Breakfast with Ted Cruz: guns, Texas, and his political future

The Texas Senator's debate skills were on full display at a Monitor Breakfast as he waxed on about his home state's 'shifting political identity' and his plans to run for president again in 2024.

Michael Bonfigli/The Christian Science Monitor
Sen. Ted Cruz (R) of Texas speaks to reporters at a Monitor Breakfast at the St. Regis Hotel in Washington on Sept. 12, 2019.

Ted Cruz loves to debate.
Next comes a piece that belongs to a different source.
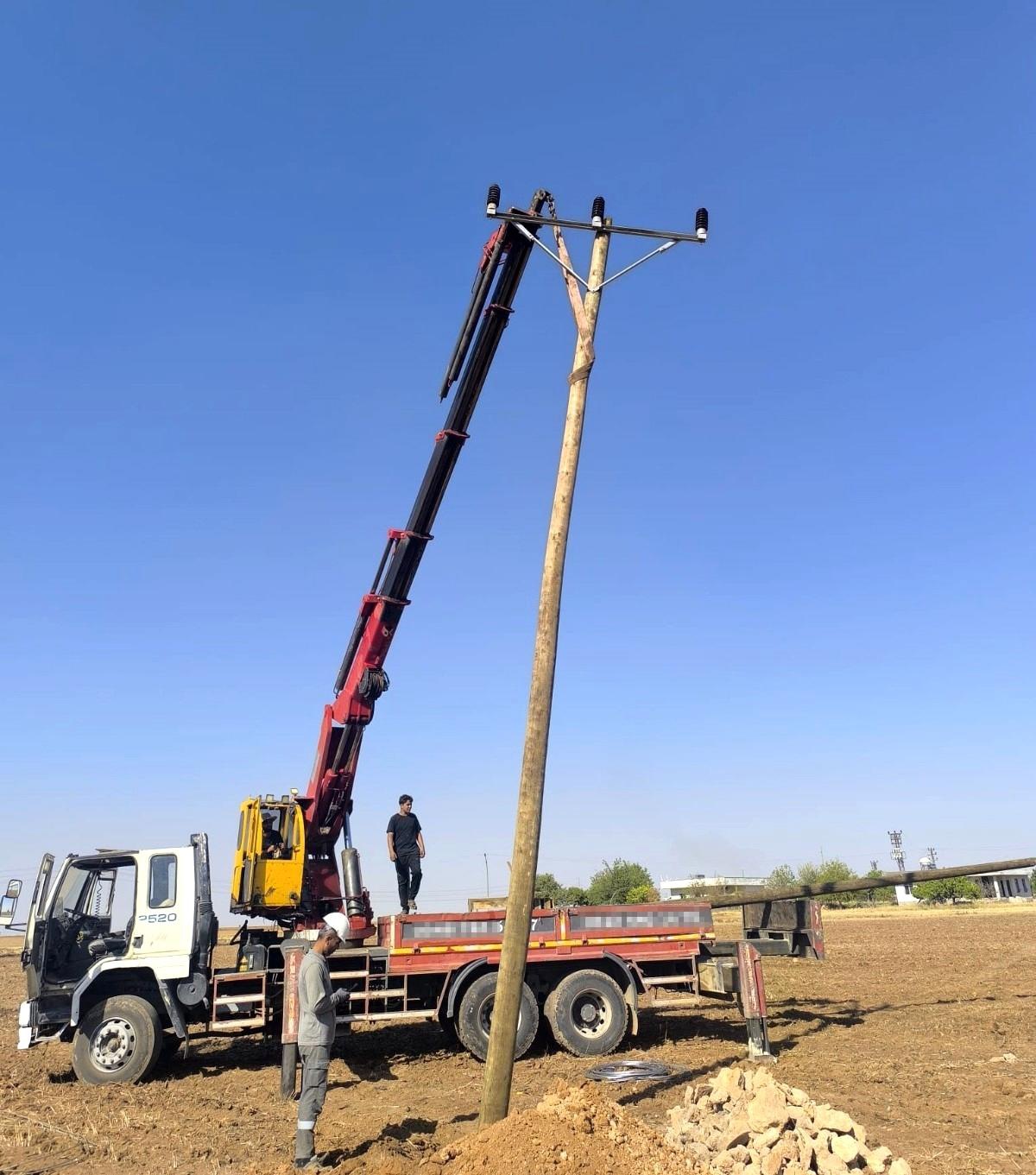 Şanlıurfa\'da Anız Yangınları Elektrik Altyapısını Vurdu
While at Princeton, the firebrand Republican senator from Texas won the North American debate championship, and in the GOP primary debates of 2015-16, he clearly relished the verbal thrust and parry – even when Donald Trump was calling him names.

So I was intrigued to have Senator Cruz speak at a Monitor Breakfast. Not that we reporters were there to debate him in his appearance last Thursday. We were there to get his take on things, push back on spin, and, we hoped, get a word in edgewise.
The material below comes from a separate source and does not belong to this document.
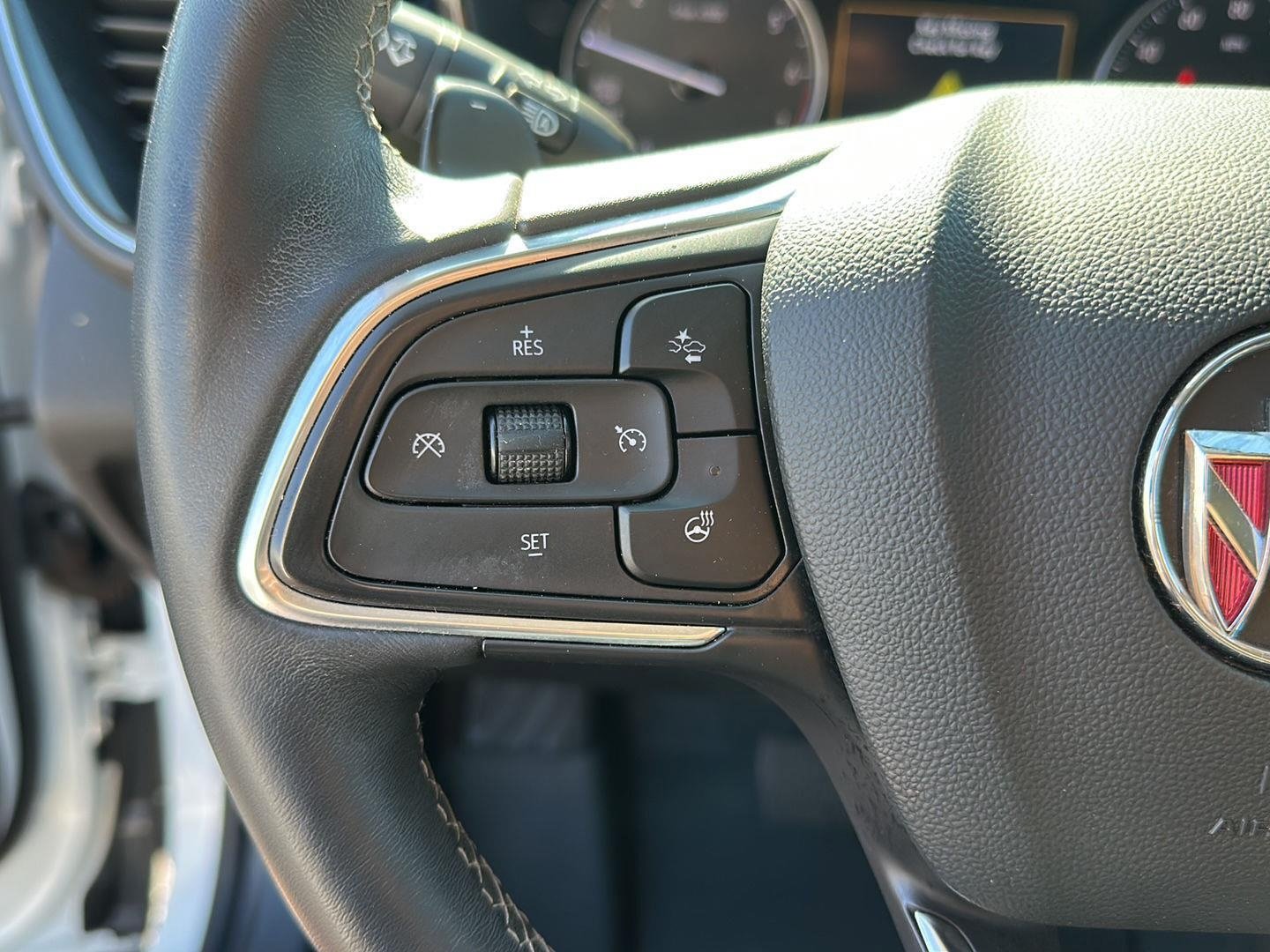 Used 2021 Buick Envision Essence AWD/4WD image 13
Mr. Cruz did not disappoint. He spoke in beautifully formed paragraphs, not an “um” or an “ah” to be found as he made his points. The challenge came when he would, um, filibuster. In our hour together, we didn’t get through many topics – mainly just gun control and the “purpling” of Texas.

But Mr. Cruz did make news. He rejected the letter released that morning by 145 CEOs urging Senate action on gun violence, as The Hill newspaper highlighted. He acknowledged that once-deep-red Texas is now an electoral battleground, declaring that if President Trump loses the Lone Star State next year, it’s “game over.” Monitor reporter Henry Gass incorporated Cruz comments into his story on Texas’s shifting political identity.
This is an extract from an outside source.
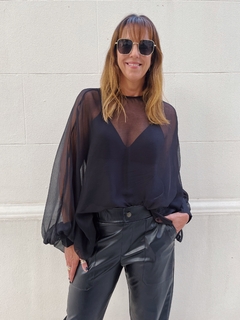 Blusa Amsterdam en internet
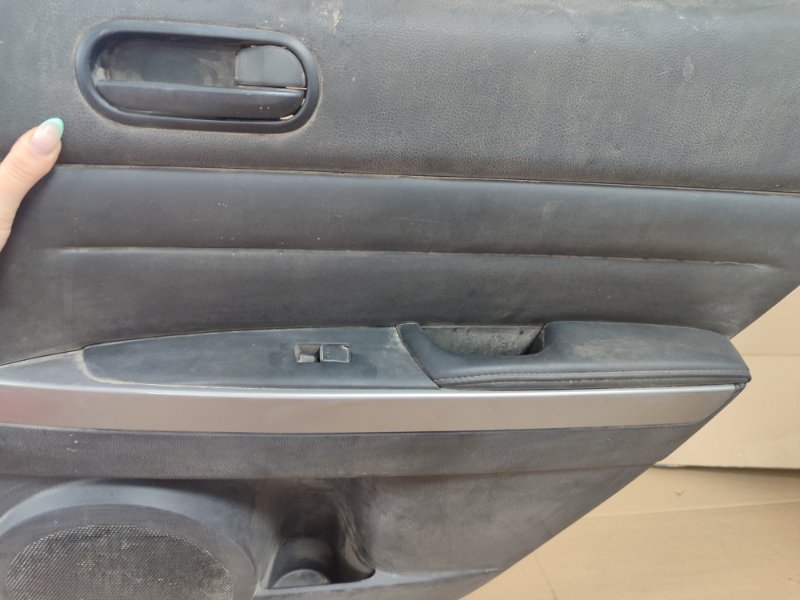 Обшивка боковой двери Mazda CX-7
After the breakfast, I asked the senator if he’ll try for the presidency in 2024. His answer came as no surprise: “I hope to run again.” That was the headline on my breakfast report.

Mr. Cruz also reminded us of his flair for PR. He’s been publicly feuding with Chicago Mayor Lori Lightfoot over that city’s gun violence, and called her proposal that he come visit an invitation to a “political circus.” He mentioned that two days earlier, he had live-streamed a meeting on guns with actress and liberal activist Alyssa Milano, which he praised for its civility. He joked about his impending one-on-one basketball match with Democratic presidential candidate Andrew Yang.

“I’m pretty sure he’s taller than I am,” Mr. Cruz quipped.

All of these interactions began as Twitter exchanges, a sign that he’s learned a thing or two from the man who vanquished him in 2016 – and who now calls him “Beautiful Ted,” not “Lyin’ Ted.”

C-SPAN wasn’t able to record our Cruz breakfast, but the audio is available here. CNN did tape the event, and a clip appeared on Chicago TV that night.

Our next breakfast is Oct. 16, featuring Ken Cuccinelli, head of the U.S. Customs and Immigration Services agency.